What is expected: Leave the pictures in the listing below aside and reproduce exactly the lines starting with the one with "HOMCOM Vanity Desk" and going on through the one with "Deepeel/1 шт., 2,8*105-120", both ends included.

Dataset records:
------------------------------------
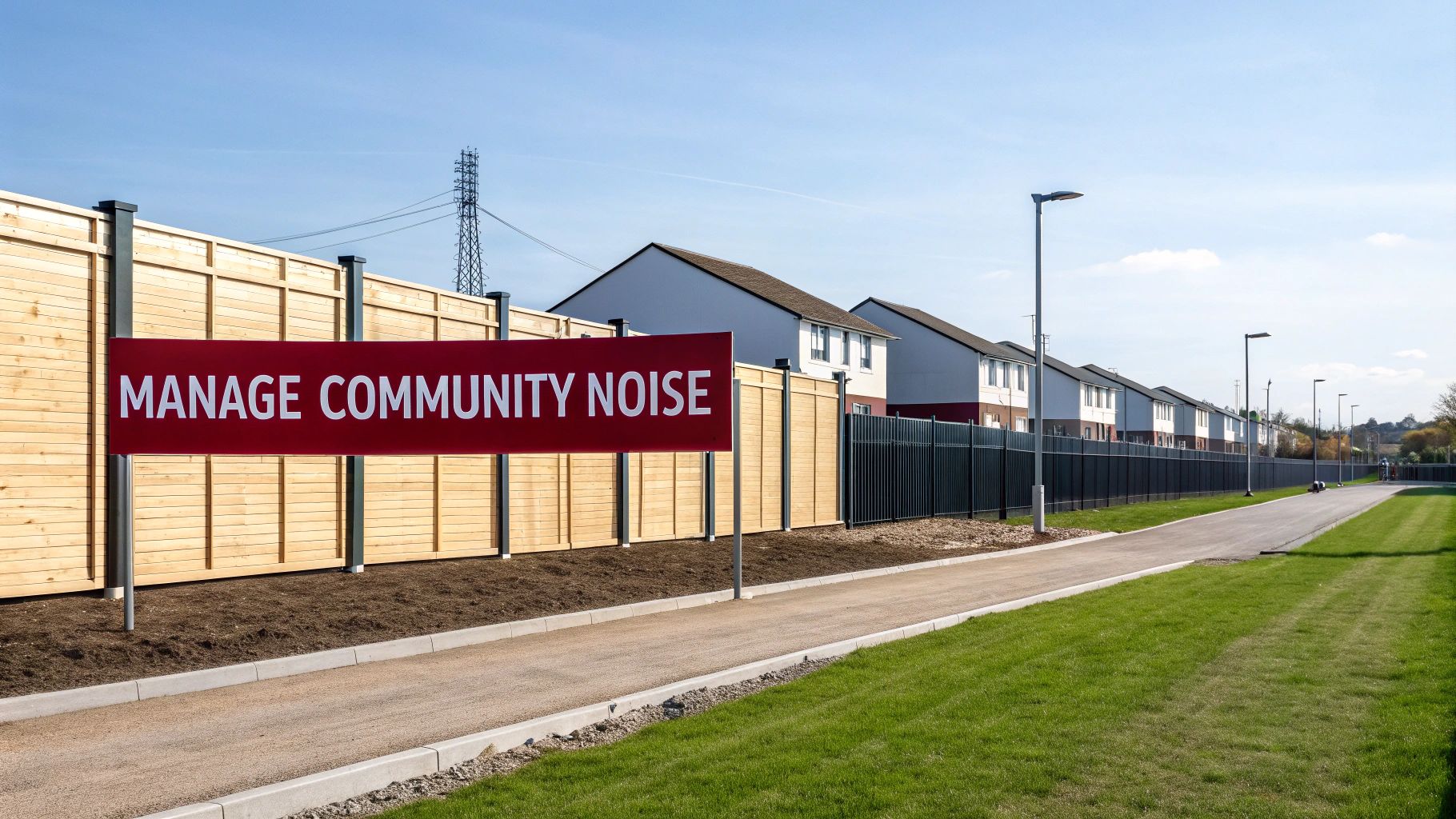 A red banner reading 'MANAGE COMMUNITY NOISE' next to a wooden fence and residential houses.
------------------------------------
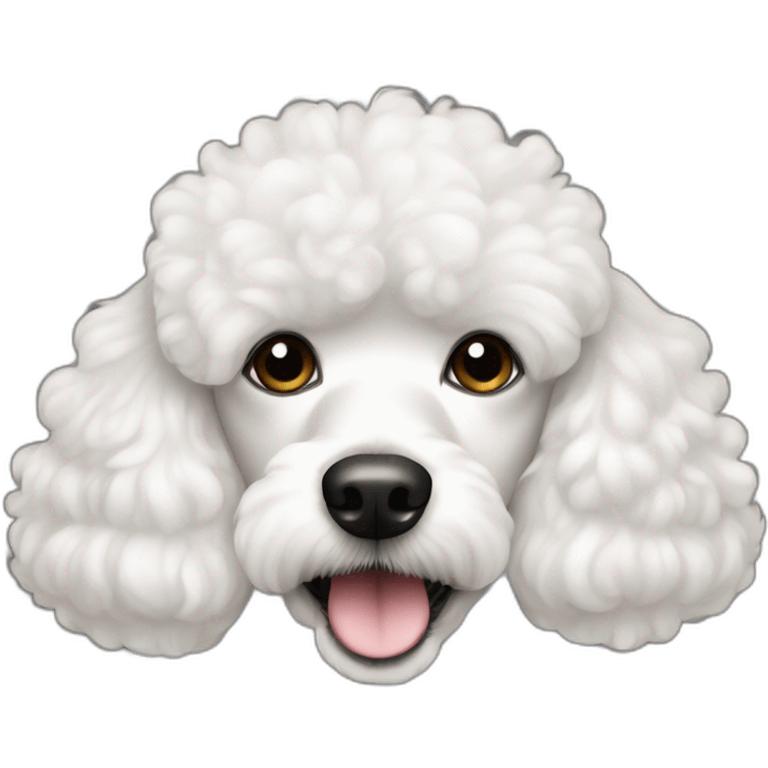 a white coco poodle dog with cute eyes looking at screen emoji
------------------------------------
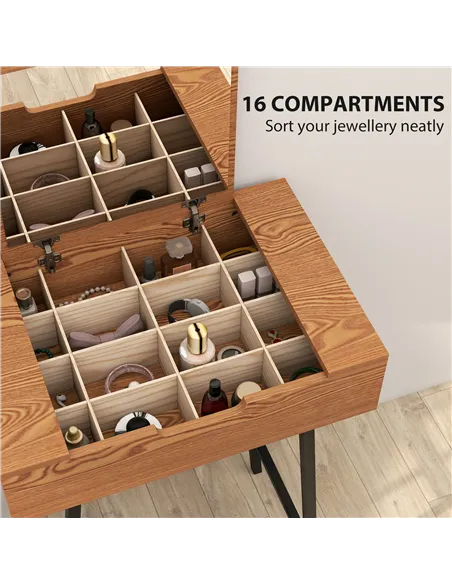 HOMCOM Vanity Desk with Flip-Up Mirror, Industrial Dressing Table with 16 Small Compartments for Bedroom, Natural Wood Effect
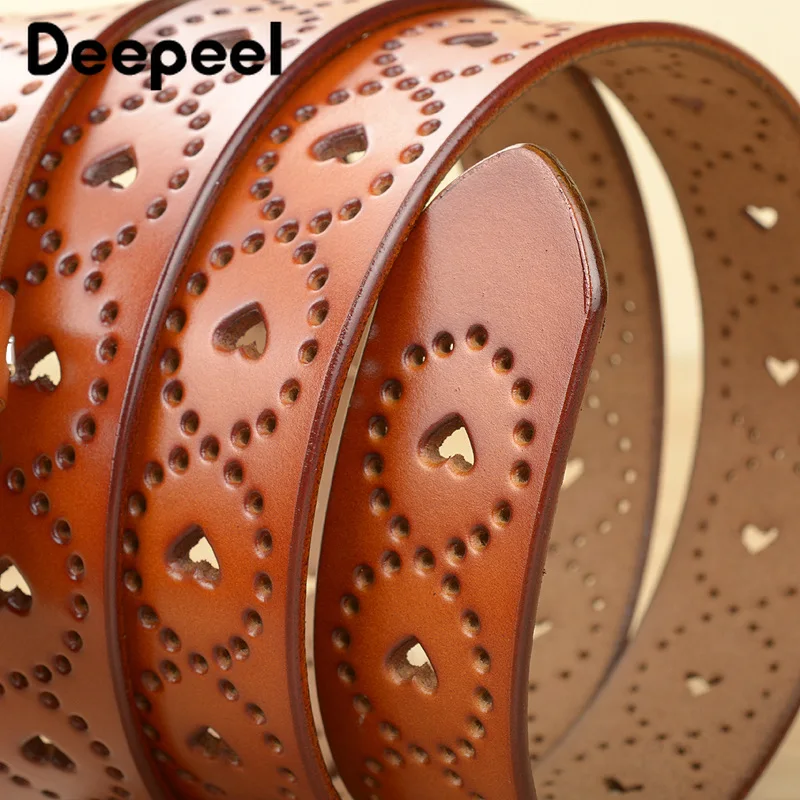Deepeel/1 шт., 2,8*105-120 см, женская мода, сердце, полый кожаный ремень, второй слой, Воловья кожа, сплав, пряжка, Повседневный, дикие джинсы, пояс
------------------------------------
The completed task:
 HOMCOM Vanity Desk with Flip-Up Mirror, Industrial Dressing Table with 16 Small Compartments for Bedroom, Natural Wood Effect
Deepeel/1 шт., 2,8*105-120 см, женская мода, сердце, полый кожаный ремень, второй слой, Воловья кожа, сплав, пряжка, Повседневный, дикие джинсы, пояс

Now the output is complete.